- Oswaldo Cruz Location in Rio de Janeiro Oswaldo Cruz Oswaldo Cruz (Brazil)
- Coordinates: 22°52′14″S 43°21′00″W﻿ / ﻿22.87056°S 43.35000°W
- Country: Brazil
- State: Rio de Janeiro (RJ)
- Municipality/City: Rio de Janeiro
- Zone: North Zone

= Oswaldo Cruz, Rio de Janeiro =

Oswaldo Cruz is a neighborhood of the North Zone of Rio de Janeiro, of middle-class and lower middle-class situated near the neighborhoods of Madureira (east), Bento Ribeiro (west), Vila Valqueire (south), and Turiaçu (north). It is known nationally for being the birthplace of Portela, the great champion of the Carioca Carnival.

Cut by the railway, Oswaldo Cruz is a typically residential neighborhood, with approximately 40.000 residents.
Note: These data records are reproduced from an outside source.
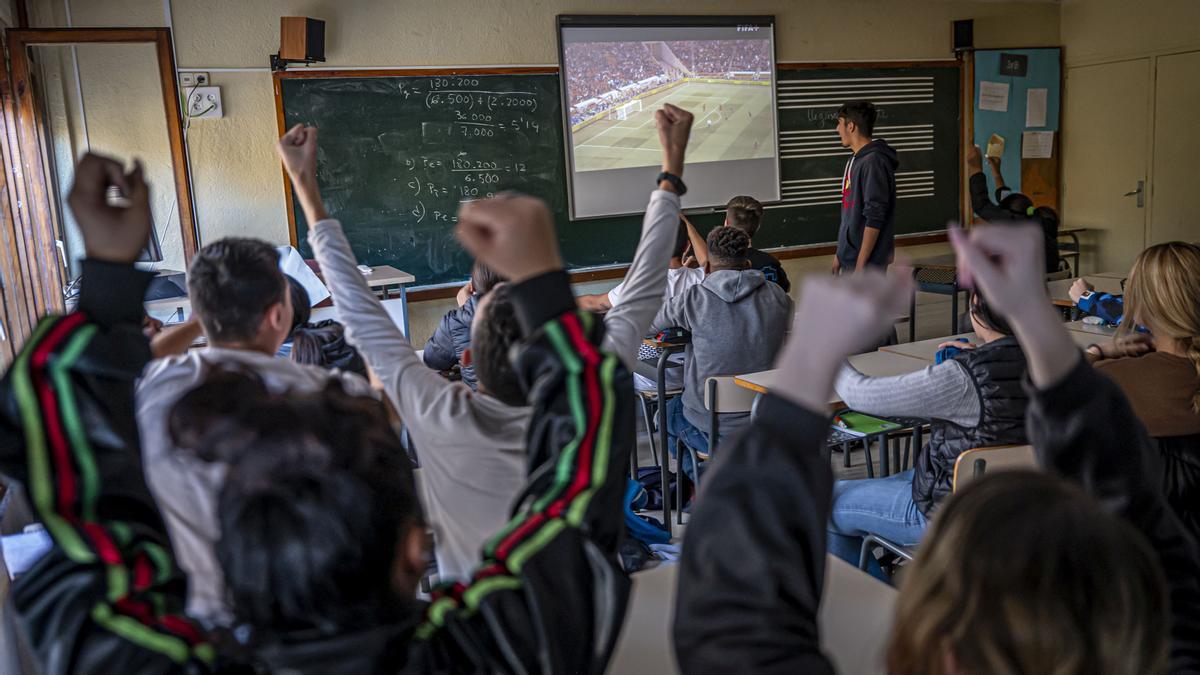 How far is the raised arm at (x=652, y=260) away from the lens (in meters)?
1.39

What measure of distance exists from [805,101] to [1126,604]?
640 centimetres

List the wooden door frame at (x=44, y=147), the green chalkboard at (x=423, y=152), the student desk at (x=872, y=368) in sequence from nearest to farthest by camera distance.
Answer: the student desk at (x=872, y=368) → the wooden door frame at (x=44, y=147) → the green chalkboard at (x=423, y=152)

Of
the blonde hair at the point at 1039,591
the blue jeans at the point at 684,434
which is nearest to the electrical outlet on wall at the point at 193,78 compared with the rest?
the blue jeans at the point at 684,434

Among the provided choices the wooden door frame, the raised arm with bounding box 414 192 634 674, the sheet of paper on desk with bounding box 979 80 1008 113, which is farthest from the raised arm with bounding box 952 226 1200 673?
the sheet of paper on desk with bounding box 979 80 1008 113

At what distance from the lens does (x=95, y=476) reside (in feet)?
2.58

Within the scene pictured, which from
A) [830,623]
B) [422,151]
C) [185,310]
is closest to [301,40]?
[422,151]

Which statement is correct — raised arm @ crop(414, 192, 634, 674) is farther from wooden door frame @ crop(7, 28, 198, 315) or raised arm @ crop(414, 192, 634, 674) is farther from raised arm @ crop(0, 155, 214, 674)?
wooden door frame @ crop(7, 28, 198, 315)

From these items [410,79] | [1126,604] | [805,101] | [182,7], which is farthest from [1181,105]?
[1126,604]

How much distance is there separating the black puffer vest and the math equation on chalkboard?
3962 millimetres

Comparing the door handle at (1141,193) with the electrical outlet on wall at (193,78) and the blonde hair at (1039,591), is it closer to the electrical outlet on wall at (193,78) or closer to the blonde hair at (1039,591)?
the electrical outlet on wall at (193,78)

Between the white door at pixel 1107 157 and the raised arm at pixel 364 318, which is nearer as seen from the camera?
the raised arm at pixel 364 318

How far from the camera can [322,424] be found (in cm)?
78

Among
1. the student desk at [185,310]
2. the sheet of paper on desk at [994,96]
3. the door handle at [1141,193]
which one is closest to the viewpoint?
the student desk at [185,310]

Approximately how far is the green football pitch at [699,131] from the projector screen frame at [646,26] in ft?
0.16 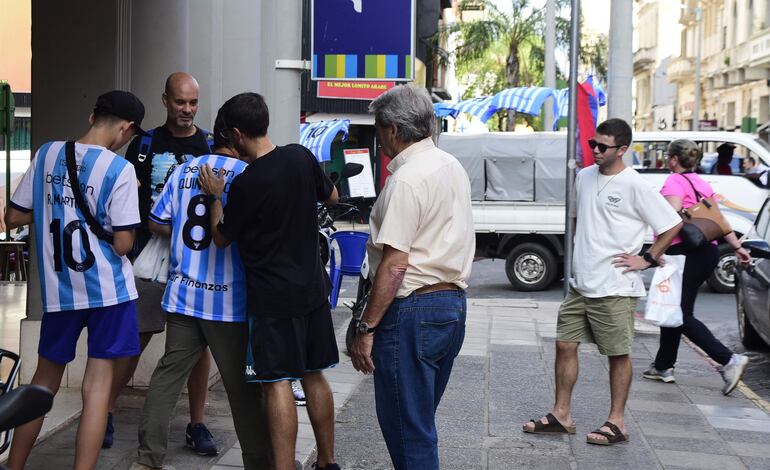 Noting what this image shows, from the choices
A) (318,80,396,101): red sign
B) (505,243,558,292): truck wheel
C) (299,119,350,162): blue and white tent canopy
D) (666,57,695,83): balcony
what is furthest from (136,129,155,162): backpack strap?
(666,57,695,83): balcony

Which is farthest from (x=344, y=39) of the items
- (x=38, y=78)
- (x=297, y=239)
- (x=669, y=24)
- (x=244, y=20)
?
(x=669, y=24)

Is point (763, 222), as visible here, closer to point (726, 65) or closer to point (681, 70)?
point (726, 65)

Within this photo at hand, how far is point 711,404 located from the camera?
769cm

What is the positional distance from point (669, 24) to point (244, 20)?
7188 cm

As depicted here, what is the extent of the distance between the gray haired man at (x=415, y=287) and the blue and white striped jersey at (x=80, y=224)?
3.71 feet

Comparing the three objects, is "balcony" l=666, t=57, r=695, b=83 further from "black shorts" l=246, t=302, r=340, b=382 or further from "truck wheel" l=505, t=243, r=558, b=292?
"black shorts" l=246, t=302, r=340, b=382

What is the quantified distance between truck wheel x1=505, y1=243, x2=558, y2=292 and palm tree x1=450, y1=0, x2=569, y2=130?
2475 cm

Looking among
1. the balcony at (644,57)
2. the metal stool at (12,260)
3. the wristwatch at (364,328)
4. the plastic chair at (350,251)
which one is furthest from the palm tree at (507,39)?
the balcony at (644,57)

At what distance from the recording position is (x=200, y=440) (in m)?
5.70

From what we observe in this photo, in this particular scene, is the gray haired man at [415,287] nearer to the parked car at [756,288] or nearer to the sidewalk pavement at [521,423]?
the sidewalk pavement at [521,423]

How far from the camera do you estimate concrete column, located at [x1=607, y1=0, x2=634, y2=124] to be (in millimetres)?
11898

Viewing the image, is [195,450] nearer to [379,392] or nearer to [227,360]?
[227,360]

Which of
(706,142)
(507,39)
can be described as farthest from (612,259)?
(507,39)

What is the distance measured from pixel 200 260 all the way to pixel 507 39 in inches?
1430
One of the most popular events of Oswaldo Cruz is the "Train of Samba" (known in Portuguese as "Trem do Samba" or "Samba do Trem"), an event which starts at Central do Brasil and takes place inside of the train wagons. Participants play Samba from the starting station up to Oswaldo Cruz station, where other shows and events take place.

== History ==
The neighborhood was once part of the Parish of Irajá, created in 1644. In the end of the 19th century and beginning of 20th century, the economy of the region, supported by slavery, enters crisis and the old latifundiums start to be divided by the poor population, mainly by people escaping the urban reforms realized in the center of the city.

In 1890, the Dona Clara Station of trains was inaugurated, that gave name to the area of limits still not defined, that then was confused with Madureira. In 1917, with the death of the doctor and sanitary engineer Oswaldo Cruz, the local station is renamed and with along the time this name ends being attributed to the neighborhood. However until today in the neighborhood of Madureira there is a street with the name of Dona Clara.

It belonged to Dona Clara the Blocos of Dona Esther, "Quem Fala de Nós Come Mosca" (Who Talks About Us Eats Flies)., ancestral of Portela. In the 1920s, when Portela is founded, the neighborhood is already known as Oswaldo Cruz, that the first name of the council was Conjunto Oswaldo Cruz.